Both Situation Awareness and Distributed Situation Awareness are interesting concepts to consider when designing complex systems. Both have their own design methods, processes and measurement methods, which should help system designers to support high SA on end users. But the real question is, how do you use these models to improve design?
I’ve written about SA and DSA before:
Endsley, Bolte and Jones have published a book named Designing for situation awareness: An approach to human-centered design on SA-oriented design (Endsley et al 2003). Salmon, Stanton, Walker and Jenkins have published their view on DSA-oriented design in a book Distributed Situation Awareness: Theory, Measurement and Application to Teamwork (Stanton et al 2009).
Both of these are briefly covered here. The figure below is a top level description combining both approaches: analysis-specification-build-measure-repeat -cycles.
Endsley, Bolet and Jones divide SA-oriented design process to three main stages: requirements analysis, SA-oriented design principles and SA measurement. SA requirements analysis consists of goal directed task analysis (GDTA) . GDTA is interested in goals of the task, decisions the operator must make to achieve goals and information that is needed to make those decisions. Focus is on so called dynamic information requirements, which means information that changes dynamically during the task, opposed to general system knowledge. GDTA is conducted by interviewing experienced operators and by combining this data with knowledge from other sources, like written materials, documentation, protocols etc.. The GDTA results are then validated by large number of experienced operators.
There are also a number of design principles for SA oriented design listed in the book. Examples of these are “Organise information around goals”, “Present Level 2 information directly” and “Provide assistance for Level 3 SA projections”. Most of the principles concern GDTA results or are general recommendations relating to three level model of SA.
Design principles and GDTA results do not automatically lead to design solutions, which is why designs need to be objectively measured. There are many direct and indirect ways of measuring SA, but direct and objective measurements in conjunction with workload and performance evaluation is the most thorough approach. Situation awareness global assessment technique (SAGAT) is one often used method to measure SA. SAGAT requires the task under analysis to be halted at random periods and batteries of questions to be presented at operators. Answers are then evaluated by subject matter experts.
Whichever the SA measurement method is, the important part is to feed results back to design to improve solutions until SA requirements are satisfied.
DSA design process is quite similar to SA-oriented design process, but the tools and focus are different. DSA is also interested in the tasks operators are performing, but the method to analyze them is hierarchical task analysis (HTA), which uses data from observations, documentation, interviews with subject matter experts, training materials, etc.. HTA is used to identify the SA requirements, which should be further refined to build a propositional network describing the relations between information elements. Information elements will be further categorized (by using HTA, propositional network and subject matter experts) to compatible and transactive elements – meaning information that is used in different ways by different operators, and information that is passed between operators.

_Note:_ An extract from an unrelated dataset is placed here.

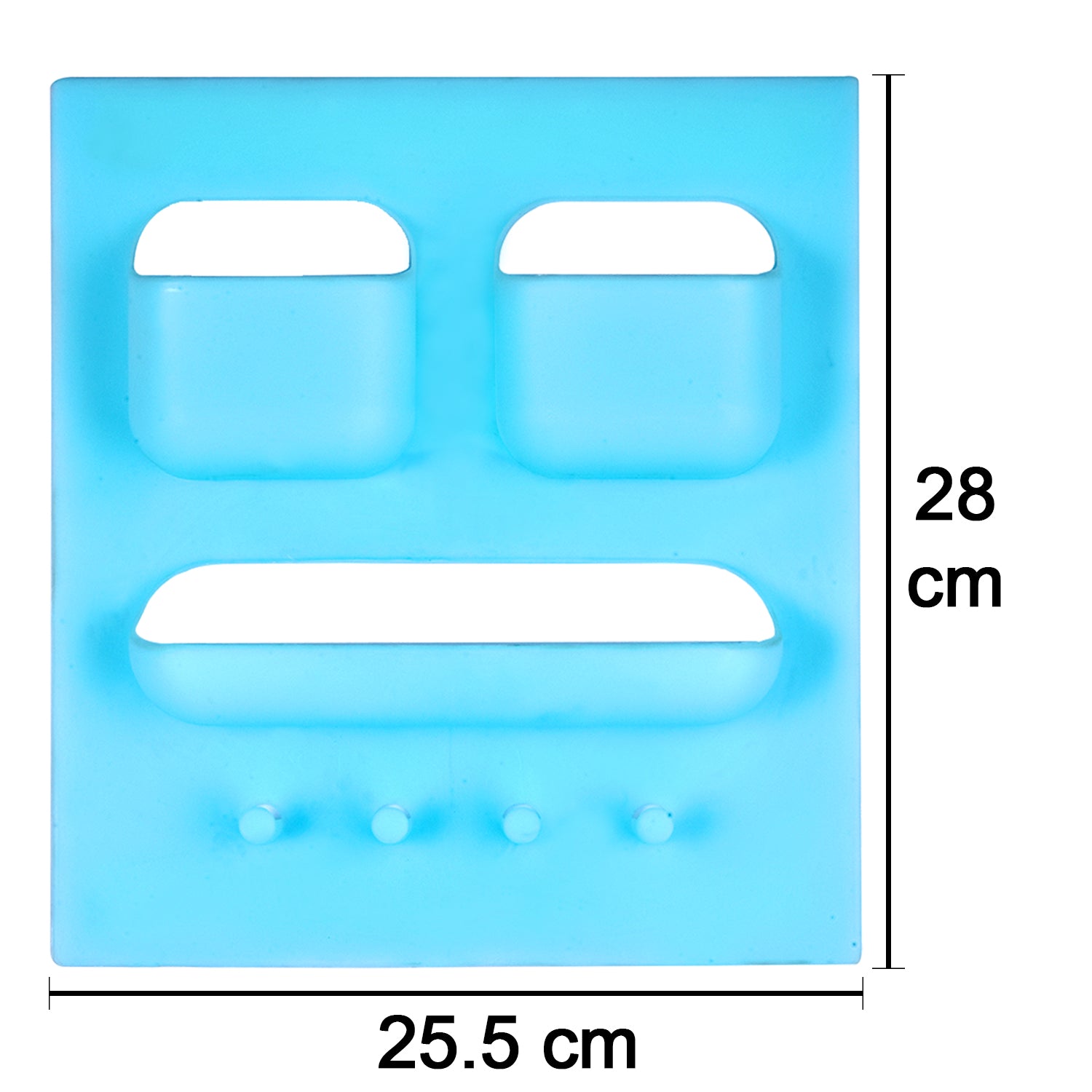Plastic Unbreakable Soap Dish Tooth Brush Paste Holder - Springkart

Results of the SA requirements analysis is used to create a design specification describing what information, to whom, in what format, for which need should be presented. Specification should link end user tasks to information elements to be presented, as well as what other information elements are likely to be used in conjunction. There are also 18 design guidelines that can be used to guide the design process (Salmon et al 2009, 218-223).
Finally, mock ups should be built based on the design specification, to test how well they support DSA. The nature of testing depends on what is to be tested – mock ups can be tested using a propositional network method, but operators use of prototypes can also be analyzed using critical decision method interviews. Findings from the test should be fed back to the design phase.
Top level image at the beginning shows that SA- or DSA-oriented design processes both are based on a basic design-build-measure-repeat -cycle. The real value is in methods that are used to gather and describe requirements, and how SA or DSA is measured. It is important to note that prototyping is encouraged to avoid spending time implementing systems that are not going to fulfill the requirements – SA and DSA can (to some point) be measured using prototypes as well.
Concentrating on the tasks and information elements seems to be the key in designing to support situation awareness, no matter if you consider it on the individual or systems level. It would be interesting to analyse these more deeply to see how the results of these processes differ and does it show somehow in the final designs.
These design methods are also quite heavy and demand time, resources and skills. On the other hand, they are also to be used in situations which require special consideration on performance, security and so on.
Endsley, M. R., Bolte, B., & Jones, D. G. (2003). Designing for situation awareness: An approach to human-centered design. London, UK: Taylor & Francis.
Salmon, P.M., N.A. Stanton, G.H. Walker, and D.P. Jenkins. 2009. Distributed Situation Awareness: Theory, Measurement and Application to Teamwork. Ashgate: Aldershot.